Temporal lobe epilepsy is the most common form of epilepsy in adults. Patients have spontaneous seizures and risk developing serious cognitive impairment. Bui et al. studied an animal model of temporal lobe epilepsy (see the Perspective by Scharfman). Selective optogenetic inhibition of dentate gyrus mossy cells increased the likelihood of electrographic seizures generalizing to full behavioral convulsive seizures. Activation of mossy cells reduced the likelihood. Thus, the activity of mossy cells might serve to inhibit seizure propagation.

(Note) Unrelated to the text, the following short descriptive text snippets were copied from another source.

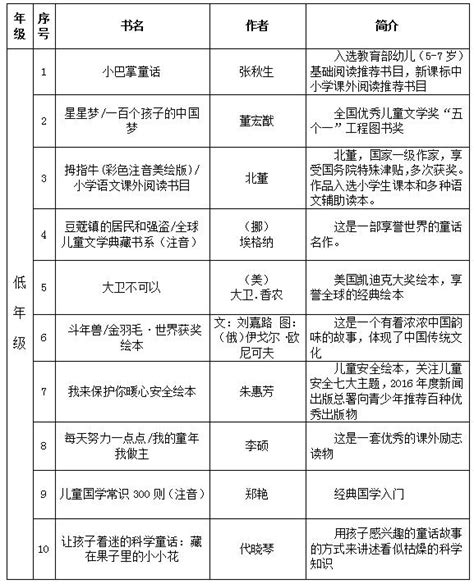 2018年寒假好書伴我成長閱讀推薦書目小學低年級 每日頭條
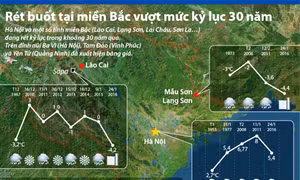Rét buốt ở miền Bắc vượt kỷ lục 30 năm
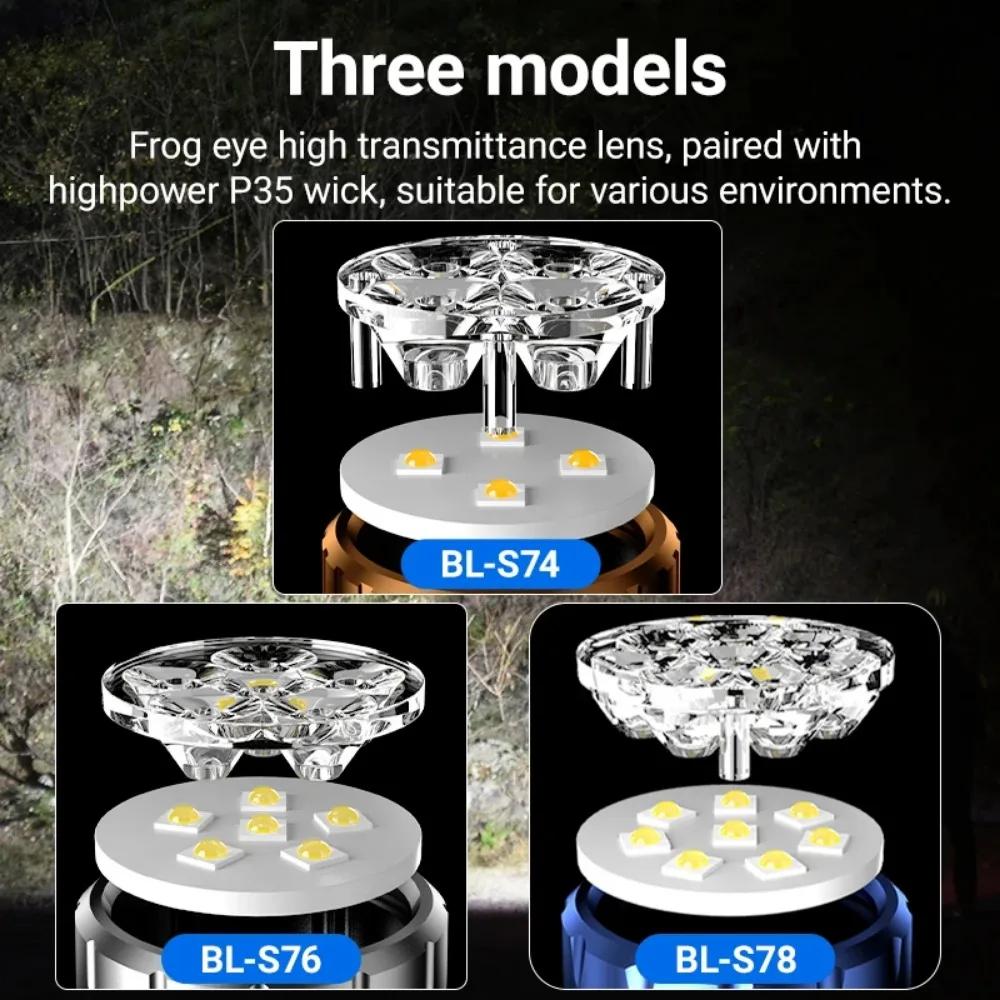 Starke Licht LED Taschenlampe Wiederaufladbar Superhell Notfall Outdoor Arbeitslampe mit Magnetischem Seitenlicht Mini Stiftclip Licht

Science, this issue p. 787; see also p. 740

Abstract

Temporal lobe epilepsy (TLE) is characterized by debilitating, recurring seizures and an increased risk for cognitive deficits. Mossy cells (MCs) are key neurons in the hippocampal excitatory circuit, and the partial loss of MCs is a major hallmark of TLE. We investigated how MCs contribute to spontaneous ictal activity and to spatial contextual memory in a mouse model of TLE with hippocampal sclerosis, using a combination of optogenetic, electrophysiological, and behavioral approaches. In chronically epileptic mice, real-time optogenetic modulation of MCs during spontaneous hippocampal seizures controlled the progression of activity from an electrographic to convulsive seizure. Decreased MC activity is sufficient to impede encoding of spatial context, recapitulating observed cognitive deficits in chronically epileptic mice.